Ekonom UI, Anto Hermanto Gunawan
menjelaskan, untuk meningkat pertumbuhan ekonomi yang berkualitas, pemerintah
harus memeperhatikan bauran kebojakan soal infrastruktur. Selama ini
pembangunan infrastruktur transportasi masih mengutamakan jalan raya sehingga
pertumbuhan hanya terjadi di pulau yang bersangkutan. Sebagai negara kepulauan,
seharusnya kebijakan pembangunan infrastruktur transportasi di arahkan ke
transportasi udara dan laut.
Kondisi itu menimbulkan dua ketimpangan
sekaligus, yakni ketimpangan pendapatan antar warga dan ketimpangan pendapatan
antar wilayah. Infrastruktur jalan yang didukung kebijakan subsidi bahan bakar
minyak, misalnya justru meningkat taraf hidup para pemilik mobil di perkotaan
yang bergerak menjadi anggota kelas menengah. Sebaliknya, para petani di
pedesaan tidak menerima subsidi bahan bakar minyak secara langsung. Petani
tetap menjadi kelas bawah dalam struktur perekonomian.

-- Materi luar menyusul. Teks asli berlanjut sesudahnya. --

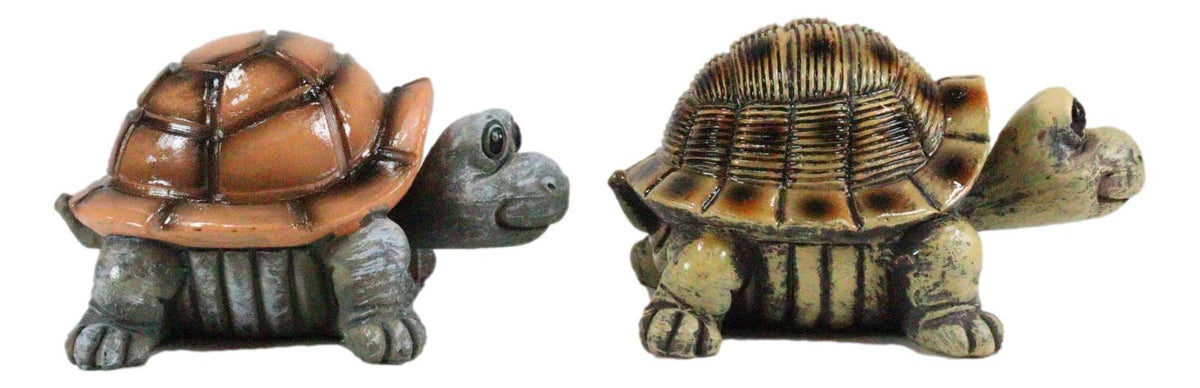 Ebros Nautical Colorful Shell Sea Turtles Tortoises Bobblehead Figurines Set - Ebros Gift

Menurut Anton, fokus pada infrastruktur
jalan juga memicu ketimpangan antara pulau berpenduduk padat, seperti Bali,
Jawa, Sumatera dan pulau yang bergantung pada sarana transportasi laut, seperti
sebagian besar wilayah Indonesia bagian Timur. Dalam skala tertentu, kondisi
ini harus diwaspadai karena bisa memicu konflik antarwilayah.